I don’t think it truly sank in until I read Foer’s “Eating Animals”.  Like for many people, this book changed my life.  He discussed the reality of the fishing industry in terms that truly affected me and I knew from that point on, fish was gone, too.  I told myself I might give myself one last sushi night.  That night never arrived and I don’t regret it one bit.

But, as most vegans do, I always wonder why do others not change after learning about factory farming?  Why does Meatless Monday seem to be a rational end for most people, instead of a small beginning?  Why do some people not give up meat?

I don’t have all the answers and I hope that I will never pretend to, but I think I have an idea about one of the answers.

I think it is as simple as this.  People don’t equate millions of animals being killed when they have simply ordered a hamburger, grilled chicken breast or wild salmon.  They see it as a one to one ratio.  I ordered a hamburger, therefore, one cow has died.  I simply think that people don’t make the connection that in order to have hamburger on the menu, hundreds, if not thousands, of animals have had to die.  And if they had to kill that many animals, what could the system be like that had to raise those animals…?  I think our brains simply don’t make that connection.  Similarly, when I knew that over fishing was a serious issue, I don’t think I made the connection to the fish that was on my plate was one of many that were caught that day.

But today I saw this photo:

http://www.newscientist.com/gallery/dn15018-pick-of-the-pictures

With this photo, what I have learned and what had gotten me to quit my last vestige to the animal eating world, was put into a perspective and confirmed what all the scientists have been telling us.

This photo is 75 tons of sharks that are being killed only for their fins.  Just one simple body part and this is what it takes.  But what is more shocking is last year they killed 35,000 tons… that is 470 times more than what you see in this photo.

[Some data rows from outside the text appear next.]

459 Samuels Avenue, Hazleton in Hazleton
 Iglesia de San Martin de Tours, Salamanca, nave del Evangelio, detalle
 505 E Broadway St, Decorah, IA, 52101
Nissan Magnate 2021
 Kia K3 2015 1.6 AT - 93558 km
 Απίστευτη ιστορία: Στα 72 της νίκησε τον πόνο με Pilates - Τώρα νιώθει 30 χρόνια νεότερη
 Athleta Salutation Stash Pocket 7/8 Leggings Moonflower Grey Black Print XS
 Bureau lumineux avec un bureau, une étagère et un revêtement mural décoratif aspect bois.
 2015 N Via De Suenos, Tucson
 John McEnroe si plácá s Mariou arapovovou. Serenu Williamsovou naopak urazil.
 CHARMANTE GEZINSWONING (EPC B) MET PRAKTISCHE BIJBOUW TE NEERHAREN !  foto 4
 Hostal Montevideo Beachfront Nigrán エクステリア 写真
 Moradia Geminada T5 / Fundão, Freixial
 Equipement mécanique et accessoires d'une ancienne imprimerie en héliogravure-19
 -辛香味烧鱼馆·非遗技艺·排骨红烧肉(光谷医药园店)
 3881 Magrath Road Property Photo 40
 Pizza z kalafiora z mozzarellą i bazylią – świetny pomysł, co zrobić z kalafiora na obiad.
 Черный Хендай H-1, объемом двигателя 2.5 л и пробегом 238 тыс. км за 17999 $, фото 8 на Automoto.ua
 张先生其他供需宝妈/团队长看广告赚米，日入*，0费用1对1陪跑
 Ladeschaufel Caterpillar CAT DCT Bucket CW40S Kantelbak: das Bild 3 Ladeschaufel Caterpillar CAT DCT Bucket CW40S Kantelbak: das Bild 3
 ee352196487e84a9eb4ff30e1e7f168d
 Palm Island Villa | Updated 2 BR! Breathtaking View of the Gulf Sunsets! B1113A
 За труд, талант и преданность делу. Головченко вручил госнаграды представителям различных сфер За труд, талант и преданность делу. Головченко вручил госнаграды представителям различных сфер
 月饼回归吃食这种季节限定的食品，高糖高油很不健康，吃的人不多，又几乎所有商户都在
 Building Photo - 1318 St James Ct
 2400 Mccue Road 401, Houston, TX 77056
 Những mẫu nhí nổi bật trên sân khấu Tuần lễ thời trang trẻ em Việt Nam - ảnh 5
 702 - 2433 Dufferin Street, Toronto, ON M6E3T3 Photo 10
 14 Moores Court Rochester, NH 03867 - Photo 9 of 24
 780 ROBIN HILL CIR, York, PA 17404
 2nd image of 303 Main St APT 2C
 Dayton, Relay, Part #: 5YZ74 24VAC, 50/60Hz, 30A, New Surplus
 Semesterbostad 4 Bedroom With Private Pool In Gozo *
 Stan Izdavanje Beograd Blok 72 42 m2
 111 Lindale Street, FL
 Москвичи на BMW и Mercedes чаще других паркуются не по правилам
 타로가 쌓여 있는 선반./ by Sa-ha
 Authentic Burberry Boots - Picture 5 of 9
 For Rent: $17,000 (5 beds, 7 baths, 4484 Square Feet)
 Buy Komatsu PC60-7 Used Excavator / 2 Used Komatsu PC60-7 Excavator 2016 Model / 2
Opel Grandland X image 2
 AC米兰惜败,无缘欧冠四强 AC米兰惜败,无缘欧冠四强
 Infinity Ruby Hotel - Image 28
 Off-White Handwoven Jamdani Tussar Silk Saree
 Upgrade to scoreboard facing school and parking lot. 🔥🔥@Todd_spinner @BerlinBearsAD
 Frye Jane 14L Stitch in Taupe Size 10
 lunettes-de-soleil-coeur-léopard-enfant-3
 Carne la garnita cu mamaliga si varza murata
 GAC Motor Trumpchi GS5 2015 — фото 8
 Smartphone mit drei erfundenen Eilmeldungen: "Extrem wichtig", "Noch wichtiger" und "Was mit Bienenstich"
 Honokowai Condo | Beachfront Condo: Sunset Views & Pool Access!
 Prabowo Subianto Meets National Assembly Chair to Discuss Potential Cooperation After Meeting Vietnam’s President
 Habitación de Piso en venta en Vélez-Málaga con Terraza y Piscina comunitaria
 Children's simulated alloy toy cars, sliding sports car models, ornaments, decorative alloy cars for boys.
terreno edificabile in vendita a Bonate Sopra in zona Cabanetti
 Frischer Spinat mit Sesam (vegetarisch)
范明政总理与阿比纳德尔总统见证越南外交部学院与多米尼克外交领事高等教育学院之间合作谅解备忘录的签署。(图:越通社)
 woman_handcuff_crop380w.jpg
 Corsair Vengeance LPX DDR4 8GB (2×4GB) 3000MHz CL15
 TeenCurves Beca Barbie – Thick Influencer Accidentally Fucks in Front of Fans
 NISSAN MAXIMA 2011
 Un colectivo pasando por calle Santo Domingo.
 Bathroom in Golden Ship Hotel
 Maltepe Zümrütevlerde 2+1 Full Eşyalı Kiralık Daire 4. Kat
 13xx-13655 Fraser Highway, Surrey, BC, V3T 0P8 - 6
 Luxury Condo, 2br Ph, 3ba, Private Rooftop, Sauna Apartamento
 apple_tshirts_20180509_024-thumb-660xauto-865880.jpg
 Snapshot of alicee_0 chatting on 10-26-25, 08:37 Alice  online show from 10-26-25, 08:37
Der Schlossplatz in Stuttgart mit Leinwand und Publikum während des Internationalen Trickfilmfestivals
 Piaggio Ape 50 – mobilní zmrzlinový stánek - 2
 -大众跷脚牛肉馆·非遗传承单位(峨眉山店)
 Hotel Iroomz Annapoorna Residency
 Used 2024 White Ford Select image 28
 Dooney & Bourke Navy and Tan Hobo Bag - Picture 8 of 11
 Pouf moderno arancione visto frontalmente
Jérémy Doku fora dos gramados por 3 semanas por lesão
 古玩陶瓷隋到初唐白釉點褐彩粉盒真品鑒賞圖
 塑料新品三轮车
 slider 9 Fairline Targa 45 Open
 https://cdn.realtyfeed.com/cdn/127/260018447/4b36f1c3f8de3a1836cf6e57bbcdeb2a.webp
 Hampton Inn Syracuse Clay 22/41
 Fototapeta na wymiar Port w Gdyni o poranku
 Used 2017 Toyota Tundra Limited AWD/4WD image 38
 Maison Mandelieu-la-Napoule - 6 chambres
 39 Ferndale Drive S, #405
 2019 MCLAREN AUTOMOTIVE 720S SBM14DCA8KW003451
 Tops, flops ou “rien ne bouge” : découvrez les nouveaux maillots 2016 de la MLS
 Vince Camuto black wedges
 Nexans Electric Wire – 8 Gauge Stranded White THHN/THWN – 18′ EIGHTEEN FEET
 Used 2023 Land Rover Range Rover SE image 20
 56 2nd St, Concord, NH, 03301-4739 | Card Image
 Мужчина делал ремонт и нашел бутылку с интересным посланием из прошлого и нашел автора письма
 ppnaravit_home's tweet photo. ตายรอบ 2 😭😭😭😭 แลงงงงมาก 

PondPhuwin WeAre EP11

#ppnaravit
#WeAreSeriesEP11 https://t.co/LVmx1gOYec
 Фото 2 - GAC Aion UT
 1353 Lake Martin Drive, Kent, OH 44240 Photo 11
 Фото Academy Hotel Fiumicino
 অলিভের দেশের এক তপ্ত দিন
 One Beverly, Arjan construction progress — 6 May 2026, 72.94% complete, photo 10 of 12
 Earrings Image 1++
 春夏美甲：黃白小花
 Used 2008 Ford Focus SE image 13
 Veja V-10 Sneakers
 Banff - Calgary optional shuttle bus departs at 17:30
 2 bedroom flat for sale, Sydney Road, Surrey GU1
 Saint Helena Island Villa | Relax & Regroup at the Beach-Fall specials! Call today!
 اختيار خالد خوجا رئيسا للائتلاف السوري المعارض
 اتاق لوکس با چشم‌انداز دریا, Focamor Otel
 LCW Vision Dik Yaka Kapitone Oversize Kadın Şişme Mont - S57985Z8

Yes.  I know that we Americans don’t eat shark fin soup.  And, I am sure some of you will use that reason to negate my point of writing this essay.  But I want you to really look for a moment at how many fucking animals are dead in this picture.  That many animals used to be in the ocean and there are 470 times more that will be killed and pulled out of their home for us to eat ONE BODY PART.  If you have an ounce of compassion, the magnitude of this will hit you.

It is simple math.  There are six billion people on this planet.  That means we have to raise/catch/slaughter almost equal amounts of animals to feed those who still eat meat. For those that we raise, their living conditions are horrendous and their treatment is akin to the treatment of people killed in genocides of the past.  For those that we catch, we are forcing species to go extinct at rates that are not normal per typical evolutionary response.

This planet is not ours.  The animals are not ours.  We have no right to do what we are doing.  It is up to you to make it stop.